Ingesting Auth0 log streams

I am looking to ingest Auth0 events into a GCP-based Snowplow installation. Auth0 is a popular identity management platform and supports near-real-time exports of user creation, login, … events using their log streams feature.

As Auth0 log events are not currently “natively” supported by Snowplow, I was considering using Snowplow’s remote adapter feature, but apparently remote adapters do not work with Beam Enrich, and their usage is somewhat controversial.

I see several alternatives, but would like some feedback on how to best proceed :slight_smile:.

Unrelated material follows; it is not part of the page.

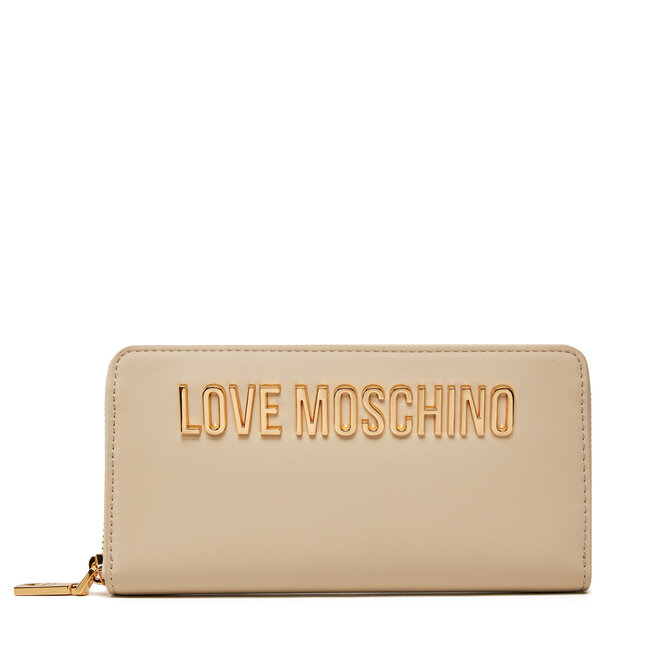 Duży Portfel Damski LOVE MOSCHINO - Beżowy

  • Option 1. Implement an adapter in Scala; contribute this adapter to the Snowplow project.
  • Option 2. Send events to a custom endpoint/microservice of my own, which converts them into a “native” snowplow_data event and then forwards them on to the default Snowplow tp2-tracking endpoint. (Forwarding to tp2 seems to trump forwarding to the Iglu-adapter, mostly because it looks like the Iglu-adapter does not support batching of events; Auth0 micro-batches its events.)

I’m quite time-constrained, and as always having the feature faster is better. I have limited Scala experience. Implementing a small adapter micro-service only takes a matter of hours. All strong points in favor of remote adapters and now option two.

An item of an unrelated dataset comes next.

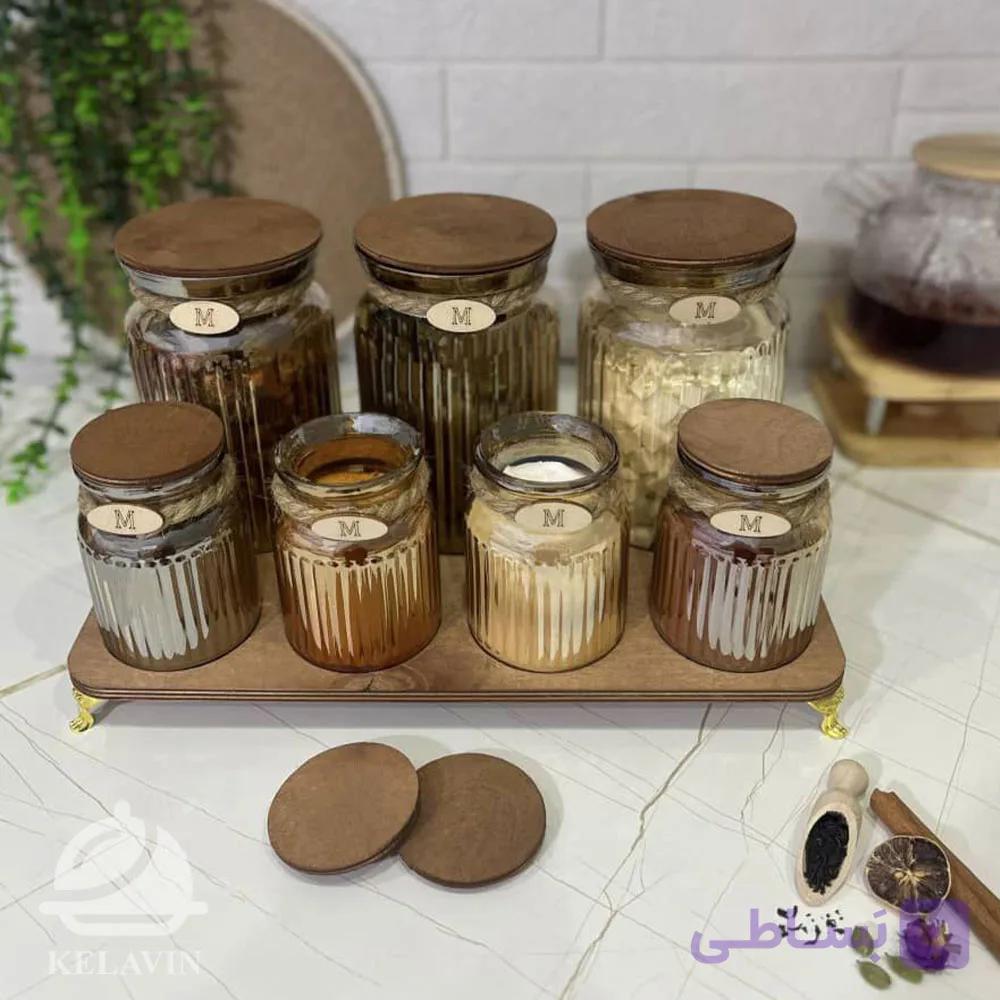 ست پاسماوری ۷ تکه شیشه شامپاینی درب چوبی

However, Auth0 is a popular, publicly available service. I’d like to contribute, and I’d like “official” integration. Looking at existing adapters, the actual programming required to ingest log events would also be limited; I’d probably spend more time setting up my dev env than coding. I’d go for this if there’s a good chance of the adapter ending up in some future release of common-enrich. I don’t want to deploy from source every time there’s a new release…

So…

  • Would an Auth0 event log adapter be a good candidate adapter? We’ve determined that we want to use Snowplow to ingest these logs, but log events are maybe not as structured as typical Snowplow data. There’s structure though - besides the log message itself, entries do have properties such as event type, user id, … It’s not just text.
  • I’m not affiliated with Auth0; is “third-party” adapter development like this encouraged? Is it ok if I’m the one defining event types under the com.auth0-namespace in Iglu central? I’m thinking of involving Auth0 or asking them to contribute, as integration with other services is their strong point. They integrate with Datadog, EventBridge, Event Grid and Slack; Snowplow should be there :wink:.
  • What about option 2? It seems quite simple to me. It’s a fairly generic alternative to using the remote adapters, and actually seems easier to set up as it does not require any Snowplow configuration changes.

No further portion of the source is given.